NITEL RECORDS USD3 MILLION LOSS

Mergers, Acquisitions and Financial Results

The Nigeria Telecommuni-cations Limited may have recorded a drop in profitability of about N39.9 billion and a 25 per cent decline in revenue if the 2003 audit report of the state-owned utility firm is anything to go by.

THISDAY gathered that the Engr. Vincent Maduka-led Board, which met Wednesday lat week in Abuja, ratified the 2003-audited report of the firm, but not after a number of issues, especially as it relates to fiduciary and management of the company had been raised by members of the Board.

Sources close to the Wednesday Board meeting informed that the audited report showed that NITEL's revenue since Pentascope had taken over management has decreased by about 25% while nearly N40 billion is reported as loss.

An insight into the company's books for 2003, showed that the utility firm already slated for privatization, had seen its modest profitability turn to a colossal loss, a trend which even the Board and the management could not explain.

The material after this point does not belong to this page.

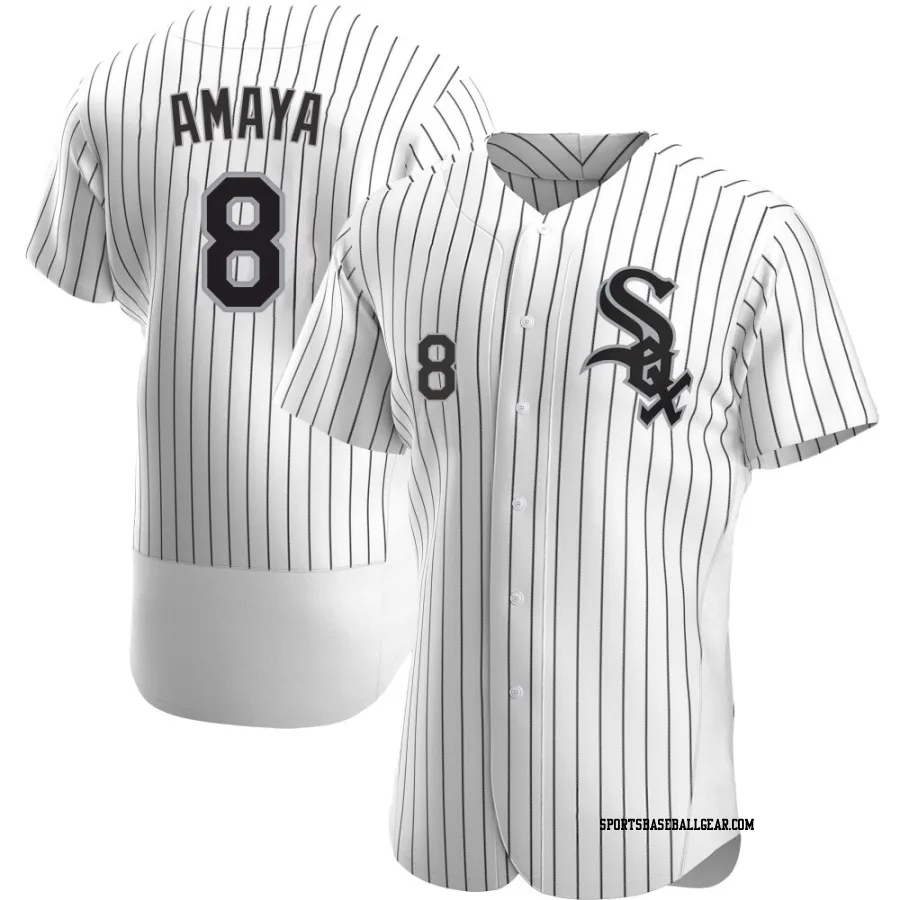 Jacob Amaya Men's Chicago White Sox White Authentic Home Jersey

Available figures, for example, showed that from 2002 to 2003, turnover collapsed by almost a quarter, while costs, including staff emoluments rose by almost a fifth.

Whereas overheads increased between 2002 and 2003 by USD150m, the Pentascope contract, which predicted a rise of 50 per cent in lines, could not deliver on those targets within the corresponding period.

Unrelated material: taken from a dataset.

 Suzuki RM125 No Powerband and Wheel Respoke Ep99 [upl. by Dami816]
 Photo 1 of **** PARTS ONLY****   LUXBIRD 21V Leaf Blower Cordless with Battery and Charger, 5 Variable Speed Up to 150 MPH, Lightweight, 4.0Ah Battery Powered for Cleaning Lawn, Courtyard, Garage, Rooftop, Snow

The Board was also said to have expressed reservations on why the company's net loss of N15bn should turn into N19bn with gross earnings falling by more than half.

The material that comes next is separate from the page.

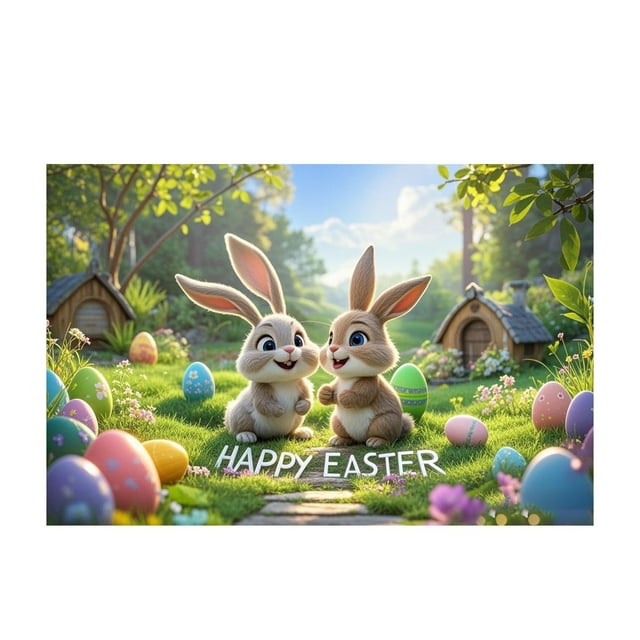 Binwennn Easter Bunny Pattern Soft Velvet Carpet Festive Atmosphere Cute Decoration A Must Have Carpet For A Warm Home 40X60CM B1 Dining Carpet Rugs 8x10 Throw Blankets Carpet Area Rug Small Carpet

Other queries raised on the performance of the company include why M-TEL even with its "very high margin cellular business" should be owing NITEL USD70m and the "disappearance" of USD100m under the heading of 'short-term investments.'

THISDAY gathered that the Board was worried about the cash squeeze in the firm, which was threatening to escalate into bankruptcy, a situation that was only averted by an emergency loan of N14bn (USD100m) out of a total USD290m package to cover operational costs like wages and debt service.

The Board was, however, appalled at the discovery that the management of the company had earlier claimed that the loan was for capital investment.

The Board also raised posers on the bonus position agreed with Pentascope, notwithstanding its poor performance and the continued payout of "unjustifiable" sums of money on consulting contracts.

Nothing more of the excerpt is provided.